Moi, je préférais l’aimer et l’écouter haut et fort quand tout le monde disait que c’était un gros dégueulasse, j’avais du coup l’impression que son génie m’appartenait à moi seule qui avait su le déceler et l’écouter à tous les degrés.

Et pour en revenir à Katerine, lui aussi a du génie… même quand il fait des reprises finalement. Il s’empare des morceaux, en fait autre chose… et le ridicule ne tue pas quand on a du génie. Du coup, il peut aussi se permettre de jouer avec cet horrible morceau « A la queue leu leu », enchaîner sur Peter et Sloane que je détestais, ou le « Coup de folie » d’un Thierry Pastor oublié… « confidence pour confidence » de Jean Schulteiss est un vrai plaisir à jouer, je m’y suis déjà amusée. Et avec le premier tube de Mylène Farmer : « 1. Maman a tort. 2, c’est beau l’amour… », on retombe tous en enfance ! Est-ce que tout le top 50 des eighties et aussi les gold des seventies va y passer ? Même Carlos, bordel ! et ça passe très bien !
On a vraiment l’impression que rien ne l’arrête que ça pourra encore durer des heures… Non-stop music. Essaie-t-il de nous écœurer ? Est-ce qu’il est en transe et ne veut plus en finir ? Est-il détraqué comme un vieux juke-box ?
Le « J’veux pas rentrer, j’veux pas rentrer chez moi… , j’veux pas rentrer chez moi seule » donne d’ailleurs un peu le ton. C’est comme un encouragement au délire ! Ne plus en finir.

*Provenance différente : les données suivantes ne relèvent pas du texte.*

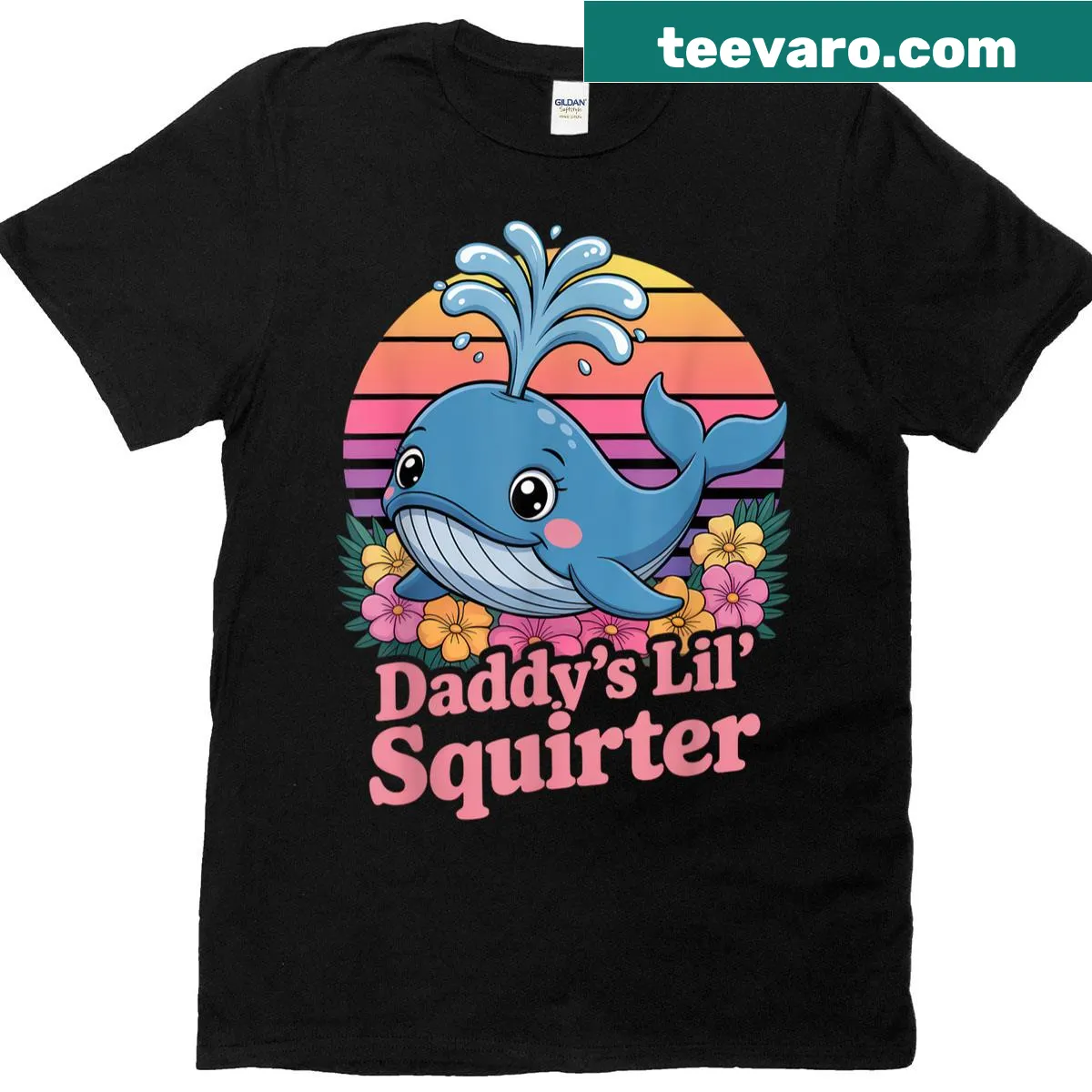 Bold text saying 'Daddy Little Squirter' on a humorous women's T-shirt — on a men's t-shirt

En tout cas, en sortant de là… je suis pleine d’énergie et d’enthousiasme ! Du coup, j’enchaîne sur « L’Enfer » de Clouzot au MK2 Beaubourg. Psyké et obsessionnel, « La Prisonnière » est un de mes films préférés. Tourné en partie à la galerie Denise René dans les années 60, c’est un bijou de l’Op Art. une manière de filmer picturale et totalement libérée qui n’a malheureusement pas fait école au cinéma. Et là, ils ont retrouvé de vieilles bandes. Les fragments d’un film inachevé, d’un tournage qui est parti à veau-l’eau, qui a complètement foiré… un film inachevé et recomposé des années plus tard. Le rôle principal est étonamment tenue par Romy Schneider !
C’est un bijou chromatique, technique, psychanalytique… un truc totalement à part dont on regrette que Clouzot n’ait pu finir. On a le sentiment que les sensations sont retranscrites épidermiquement par la caméra. Un vrai bonheur pour les yeux. Un délire obessionnel qui raconte la jalousie de l’intérieur, nous la fait ressentir comme un puits sans fonds dans lequel on a peur de ne pas s’engager mais dans lequel on peut se laisser tout de même sombrer. Comme le sommeil dans lequel je ne vais pas tarder à plonger avec délice.

Episode 82 - A Forest

Samedi 14 novembre 2009

Suites d’arbres et de lacs avant d’arriver à Vassivière. De la chlorophylle à n’en plus finir. Mon Ipod est en mode aléatoire et se met lui aussi au parfum. A croire qu’il a capté l’atmosphère. Au creu de mon oreille, Robert Smith me sussure des mots de circonstance…
« A Forest » m’accompagne dans mon plongeon verdoyant.

« I hear your voice
Calling my name
The sound is deep
In the dark
I hear a voice
And start to run
Into the trees »

« Suddenly I stop
But I know it’s too late
I’m lost in the forest
All alone
It’s always the same
I’m running towards nothing
Again and again and again and… »

C’est un morceau qui fait partie de « Seventeen seconds »… on a bien mis 17 minutes à traverser cette atmosphère boisée pour arriver sur cette île imprenable, Vassivière, où un centre d’art a poussé à la fin des années 80 (1989) dans un paysage onirique, près d’un lac artificiel, à deux pas d’un château du XVIIème siècle ayant appartenu aux Vassivière… une famille à laquelle on peut rendre hommage.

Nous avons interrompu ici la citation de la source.